Yes, people have repeated that line since 2008. Readers certainly saw the timestamp. It was main Q&A and search result, though. Hence asking for modern post.
"This is from 2013"
And that's a start. Appreciate the link. I don't see many of his interviews but that was the first one I saw him admit to being behind. Good they're changing their attitude a bit.
The expected and somewhat disappointing part is when he has no answer to what can be done to raise the bar past a few exploit mitigations. There's something like four decades of work (and worked examples) showing how to increase assurance of security in hardware, software, and systems.
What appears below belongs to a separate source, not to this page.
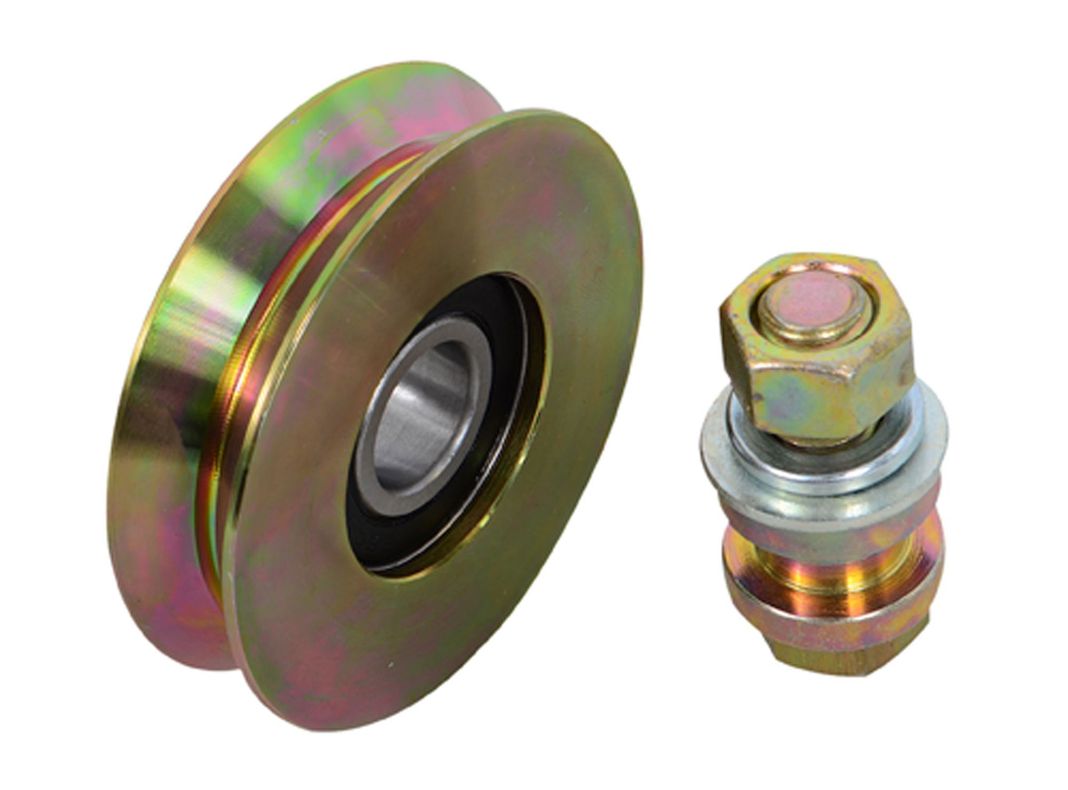Rueda 75 mm perno Ducasse Industrial-1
Especially in capability, microkernels, static analysis, covert channel analysis, and so on. He could... idk... apply some of that instead of mock and ignore it like most mainstream does. FreeBSD is ahead here with SEBSD and Capsicum work.
One project did port OpenBSD to L4 kernel to isolate it in a protection domain. The idea, as in Nizza Security Architecture, is to be able to split system into legacy, untrusted stuff in VM and trusted, highly-assured components running directly on microkernel. A proven model that would benefit OpenBSD by dramatically reducing attack surface. This is done in embedded space (eg INTEGRITY, PikeOS Hypervisor) for up to 8 ISA's each for those wondering about portability.
Just one of dozens of techs to draw on to increase assurance. Will be interesting to see if they draw on any of this or get left behind [again] by those that do.